_WHAT YOU SHOULD DO_:
Without its pictures, the listing below is to be transcribed exactly.

_INFORMATION PROVIDED_:

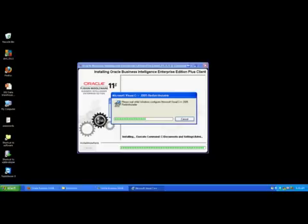So the installer is still running, it's doing certain things and we are almost close to completion. We are going to wait till it gives a message that it has completed.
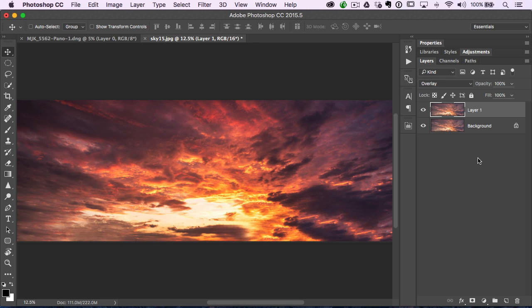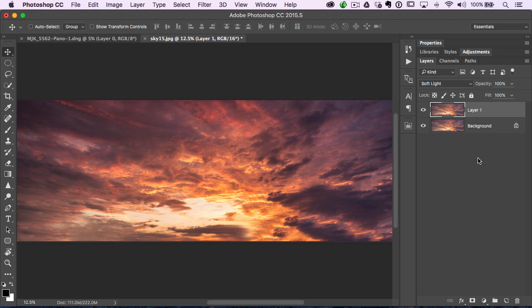And now if you think soft light, well, S was taken, right? O is taken, but F for light is not taken. So it's really soft light, but it's really just the F in there. That is the keyboard shortcut to jump over to that one.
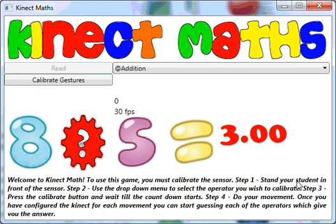What I'm going to show you today is a Connect Maths game that I've just finished. The idea of this game is to use gestures to guess which symbol makes the answer. It's completely random so you don't have to keep typing in the answers.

_SOLVED PROBLEM_:
So the installer is still running, it's doing certain things and we are almost close to completion. We are going to wait till it gives a message that it has completed.
And now if you think soft light, well, S was taken, right? O is taken, but F for light is not taken. So it's really soft light, but it's really just the F in there. That is the keyboard shortcut to jump over to that one.
What I'm going to show you today is a Connect Maths game that I've just finished. The idea of this game is to use gestures to guess which symbol makes the answer. It's completely random so you don't have to keep typing in the answers.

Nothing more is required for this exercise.